Dopo lo scandalo che ha investito la Banca d’Italia e in particolare il suo governatore nella seconda parte dell’anno, risulta tuttavia anche troppo facile, e forse anche inutile e poco costruttivo, criticare le modalità con le quali l’organo di vigilanza ha gestito i casi di cui sopra. È invece più importante e utile cercare di comprendere quali siano i problemi di fondo che hanno determinato questa crisi nazionale e soprattutto quali indicazioni si possono trarre per evitare che simili situazioni si ripetano in futuro. Nelle brevi note che seguono mi soffermerò su tre aspetti che, seppure certamente non esaustivi, considero rilevanti a questo scopo.

1. Italianità e interesse nazionale

La difesa a oltranza delle banche italiane dall’acquisizione da parte di gruppi stranieri realizzata dalla Banca d’Italia è stata sovente giustificata sulla base di una presunta difesa dell’interesse nazionale, che passerebbe attraverso l’italianità delle banche. Occorre allora domandarsi cosa significhi difendere l’interesse nazionale in un mercato globale, o quantomeno europeo, come quello che oggi caratterizza l’industria bancaria-finanziaria. È forse interesse del paese far sì che gli azionisti di una banca che ha la propria sede centrale in Italia siano anch’essi italiani? Non credo che la difesa della nazionalità della proprietà di un’impresa privata risponda all’interesse del paese medesimo. Semmai, l’interesse nazionale richiede che gli azionisti, quale che ne sia la nazionalità, siano capaci di spingere il management verso l’adozione di politiche virtuose, di lungo periodo, rivolte alla creazione di valore e, come conseguenza naturale di ciò, alla crescita. Non a caso, la crescita economica di un paese si misura ricorrendo al PIL, cioè alla ricchezza prodotta in un anno dalle imprese che operano nel territorio dello stesso paese, indipendentemente dalla nazionalità dei loro azionisti.

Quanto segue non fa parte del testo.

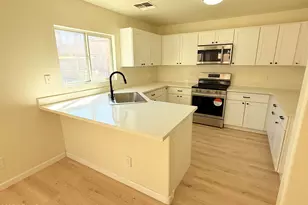 7783 N 58th Ave, Glendale, AZ 85301 - Photo 14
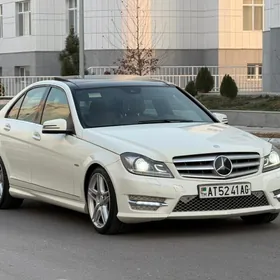 Mercedes-Benz C350 2012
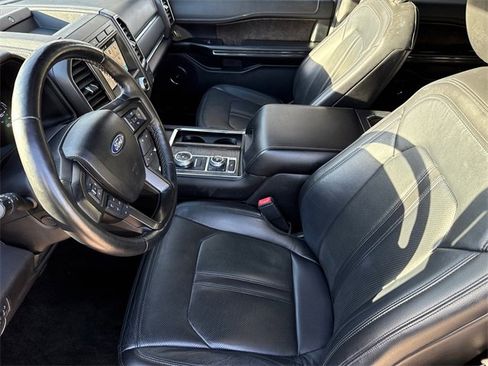Used 2018 Ford Expedition Limited image 20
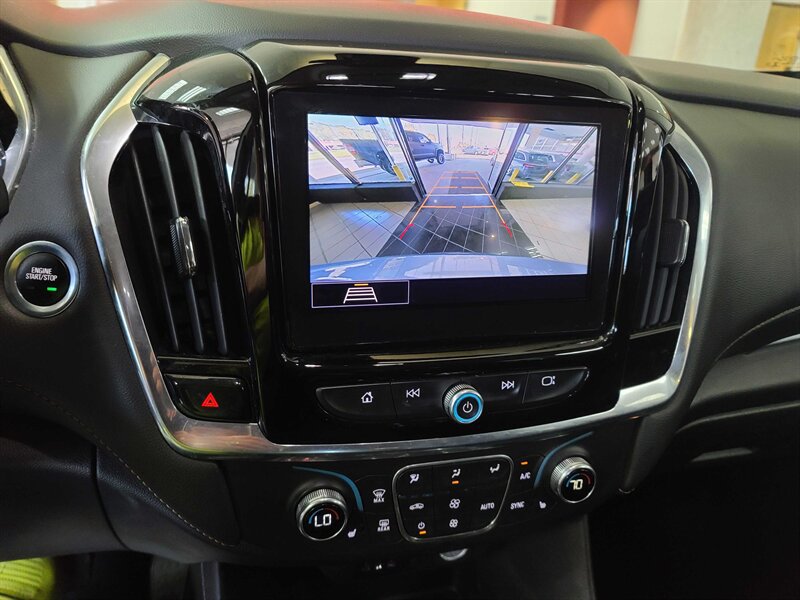 Used 2020 Chevrolet Traverse LT FWD image 27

Occorre inoltre che gli azionisti siano in grado di sostenere finanziariamente piani di investimento e di sviluppo che, a loro volta, consentano a un’impresa di crescere e in questo modo di mantenere ed eventualmente aumentare. Occorre che essi pretendano dal management, eventualmente rimpiazzandolo se esso non si dimostrasse all’altezza, la predisposizione e la conseguente realizzazione di piani industriali efficaci, capaci di sostenere lo sviluppo e la creazione di valore, in coerenza e nel rispetto delle logiche di mercato che governano il funzionamento dell’industria bancaria in Europa. Occorre infine che gli azionisti di controllo di un’impresa che ricopre un ruolo delicato nell’ambito del sistema economico – quale è una banca – non siano portatori di interessi differenti da quelli che dovrebbe perseguire la generalità degli azionisti di un’impresa privata in un’economia di mercato, ossia la creazione di valore. In altri termini, non devono essere interessati al controllo di una banca perché convinti che tale controllo potrà consentire di influenzare le politiche di allocazione del credito della stessa banca a favore di attività industriali, commerciali o immobiliari.

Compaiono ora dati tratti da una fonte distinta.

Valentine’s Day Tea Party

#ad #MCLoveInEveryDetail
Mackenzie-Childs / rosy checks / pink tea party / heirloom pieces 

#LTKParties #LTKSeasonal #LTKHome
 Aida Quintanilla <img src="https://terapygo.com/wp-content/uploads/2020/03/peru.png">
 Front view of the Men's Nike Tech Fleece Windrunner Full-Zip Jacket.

È ancora interesse di un paese accrescere gli investimenti diretti dall’estero (IDE), specie quelli di carattere duraturo in capitale di rischio, come lo sono in particolare gli investimenti che gruppi stranieri effettuano con lo scopo di stabilire nuovi insediamenti produttivi o di acquisire il controllo di imprese già operanti nel territorio con l’intento di promuoverne lo sviluppo e la competitività attraverso investimenti in capitale umano e tecnologico. Tale interesse assume, nel caso dell’Italia, una particolare rilevanza alla luce del calo di competitività del nostro paese più volte segnalato da organismi internazionali indipendenti e del conseguente progressivo deterioramento delle partite correnti. Il recupero della competitività non può che passare da una crescita degli investimenti la quale, a sua volta, in un contesto di elevato indebitamento pubblico e di risparmio privato in continua diminuzione, necessita di risorse provenienti dall’estero. Ha dunque senso bloccare, sulla base di una presunta difesa degli interessi nazionali, un potenziale afflusso consistente di capitali dall’estero come quello che inevitabilmente deriva dall’acquisizione di una banca italiana da parte di un gruppo straniero?

È infine interesse di un paese far sì che la propria classe imprenditoriale, intesa come l’insieme di individui che guidano le imprese di maggiore rilevanza dal punto di vista strettamente economico, sia continuamente esposta, direttamente – mediante l’inserimento di nuovi uomini – e indirettamente – attraverso esperienze di collaborazione – ai modelli manageriali sviluppati e consolidati nelle realtà internazionali di maggiore successo.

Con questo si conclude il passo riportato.